Wow. Our experiment is off to a great start—let's see if we can finish it off sooner than expected.
I agree with Brendan Nyhan and others that Ronald Reagan didn't actually change Americans' attitude toward government that much. What's more, to the extent that attitudes did change, it was mainly thanks to a backlash against 70s liberalism that would have happened with or without Reagan.
Still, when Paul Waldman suggests that Reagan's popularity is a myth too, I think he takes a step too far. Reagan is pretty popular! With the exception of our weird ongoing love affair with John F. Kennedy, Reagan and Bill Clinton are routinely chosen in polls as the most popular postwar presidents. Likewise, Reagan and Clinton were basically tied for the highest approval rating when they left office.

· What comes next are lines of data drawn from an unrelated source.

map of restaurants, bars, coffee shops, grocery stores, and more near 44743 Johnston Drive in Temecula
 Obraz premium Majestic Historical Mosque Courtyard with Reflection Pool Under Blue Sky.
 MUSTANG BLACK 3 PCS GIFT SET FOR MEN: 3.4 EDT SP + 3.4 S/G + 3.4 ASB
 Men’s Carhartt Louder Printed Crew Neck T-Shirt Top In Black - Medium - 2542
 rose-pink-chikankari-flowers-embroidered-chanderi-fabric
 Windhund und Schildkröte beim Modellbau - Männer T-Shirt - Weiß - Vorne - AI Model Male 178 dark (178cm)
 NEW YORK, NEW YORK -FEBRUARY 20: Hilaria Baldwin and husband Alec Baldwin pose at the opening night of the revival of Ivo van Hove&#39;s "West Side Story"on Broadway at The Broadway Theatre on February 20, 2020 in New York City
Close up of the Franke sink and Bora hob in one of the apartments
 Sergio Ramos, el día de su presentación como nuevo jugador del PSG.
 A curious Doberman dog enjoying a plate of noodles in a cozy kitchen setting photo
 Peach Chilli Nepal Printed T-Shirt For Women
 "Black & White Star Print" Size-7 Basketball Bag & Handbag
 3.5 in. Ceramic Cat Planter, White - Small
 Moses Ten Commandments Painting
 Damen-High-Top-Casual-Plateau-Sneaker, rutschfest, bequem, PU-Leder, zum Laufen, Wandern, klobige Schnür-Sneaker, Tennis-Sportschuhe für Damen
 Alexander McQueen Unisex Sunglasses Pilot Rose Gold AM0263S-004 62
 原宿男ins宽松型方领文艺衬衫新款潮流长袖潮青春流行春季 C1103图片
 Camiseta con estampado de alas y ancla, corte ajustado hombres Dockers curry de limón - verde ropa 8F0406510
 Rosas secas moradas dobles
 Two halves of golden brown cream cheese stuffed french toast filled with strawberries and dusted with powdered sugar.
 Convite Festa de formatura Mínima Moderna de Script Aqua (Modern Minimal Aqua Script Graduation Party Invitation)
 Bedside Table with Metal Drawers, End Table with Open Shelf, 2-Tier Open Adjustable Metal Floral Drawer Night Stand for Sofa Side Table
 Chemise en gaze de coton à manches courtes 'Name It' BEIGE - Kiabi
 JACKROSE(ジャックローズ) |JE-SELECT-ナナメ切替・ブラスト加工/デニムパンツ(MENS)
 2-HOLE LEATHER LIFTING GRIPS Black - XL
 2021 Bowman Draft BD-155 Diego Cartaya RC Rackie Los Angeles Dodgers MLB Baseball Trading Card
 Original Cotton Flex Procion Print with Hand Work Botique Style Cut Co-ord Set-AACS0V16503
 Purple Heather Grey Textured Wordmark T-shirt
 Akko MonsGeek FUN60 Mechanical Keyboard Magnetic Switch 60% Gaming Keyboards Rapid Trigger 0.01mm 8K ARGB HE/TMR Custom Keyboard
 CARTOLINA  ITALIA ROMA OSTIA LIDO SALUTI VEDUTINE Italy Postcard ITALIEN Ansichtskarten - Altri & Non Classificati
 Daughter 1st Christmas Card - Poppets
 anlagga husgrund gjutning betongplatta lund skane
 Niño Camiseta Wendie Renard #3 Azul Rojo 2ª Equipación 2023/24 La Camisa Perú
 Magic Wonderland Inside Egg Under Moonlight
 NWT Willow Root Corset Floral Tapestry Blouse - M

This isn't too hard to understand, either. People mostly associate Reagan with recovery from a lousy economy, they associate him with the fall of the Iron Curtain, and they associate him with rebuilding America's prestige in the world. Maybe this is right, maybe it's not, but it's pretty understandable.
Generally speaking, even decades later presidents are mostly judged by how they did and how things were going during their last year in office. Things were going great for Kennedy, Reagan, and Clinton, so they're remembered very favorably. Things were going decently for Eisenhower, Ford, and Bush Sr., and they're remembered decently. Things were going badly for LBJ, Nixon, Carter, and Bush Jr., and they're remembered badly. The main exception seems to be Truman, who ended his presidency on a sour note but has since recovered pretty well.
In any case, maybe Reagan deserves his popularity, maybe he doesn't. Still, he's a pretty popular guy.